Are the native mode faults I see logged on Windows (shown in the attached log)
of no
concern?
Original comment by jwbito
on 11 Jun 2009 at 2:39
org.spearce.jgit_0.4.0.200903200852 is a old version. If it's broken it won't be
fixed. You have to try a new version. The latest integration build is from
20090514.
Nevertheless any brokeness should not result in a JVM crash unless the JVM
itself is
broken, either by native code in Eclipse (unlikely but possible), or something
wrong
in the JVM (or faulty).

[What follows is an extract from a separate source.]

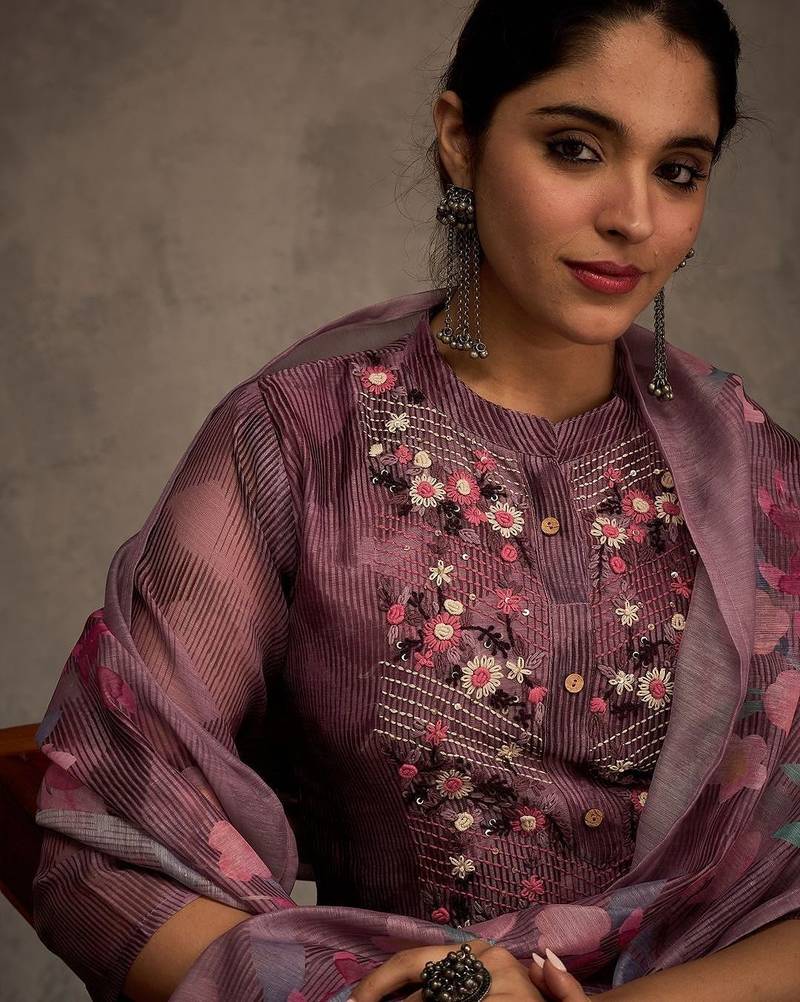 Floral Embroidered Thread Work Chanderi Cotton Kurta with Trousers & Dupatta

JGit plays with the garbage collector here so it may
well fin
a new bug in the JVM,
Try to build jgit manually using make_jgit.sh and then do a ./jgit clone
your_url
destdir and see it that breaks too.
Original comment by robin.ro...@gmail.com
on 11 Jun 2009 at 9:14
Thanks for pointing out the discrepancy with the jar file versions. The
install on
WinVista (where EGit is working for me) had a couple of different versions of
EGit
jars. Now that I've removed the old jars, there's no native method exception on
WinVista.
Now I have the same jars on both Solaris & WinVista:
org.spearce.egit.core_0.4.0.200906011726.jar
org.spearce.egit.ui_0.4.0.200906011726.jar
org.spearce.egit_0.4.0.200906011726.jar
org.spearce.jgit_0.4.0.200906011726.jar
The jgit CLI is able to clone the repository (please see below for a patch to
make_jgit.sh). When I use Egit's 'import repository' on Solaris, it appears to
clone
the git repository and core dumps before populating the working directory. (The
progress bar in Eclipse says 'checking out files'.) I also get a core dump if
I try
to open the workspace containing a project that was cloned by egit before this
problem cropped up (when I updated on May 14). I suppose I could got back to a
version before that date to confirm that the problem doesn't occur. Do you
think
that would be useful?
=== Suggested patch to start CLASSPATH with '.'===
diff --git a/make_jgit.sh b/make_jgit.sh
index 2969e6e..ba5f6c7 100755
--- a/make_jgit.sh
+++ b/make_jgit.sh
@@ -58,15 +58,10 @@ then
fi
VN=`echo "$VN" | sed -e s/-/./g`
-CLASSPATH=
+CLASSPATH=.
for j in $JARS
do
- if [ -z "$CLASSPATH" ]
- then
- CLASSPATH="$R/$j"
- else
- CLASSPATH="${CLASSPATH}${PSEP}$R/$j"
- fi
+ CLASSPATH="${CLASSPATH}${PSEP}$R/$j"
done
export CLASSPATH
Original comment by jwbito
on 12 Jun 2009 at 8:25
A clarification: the Eclipse Git Plugin 0.4.0 (published on the updated site as
Release Build) does not cause this problem.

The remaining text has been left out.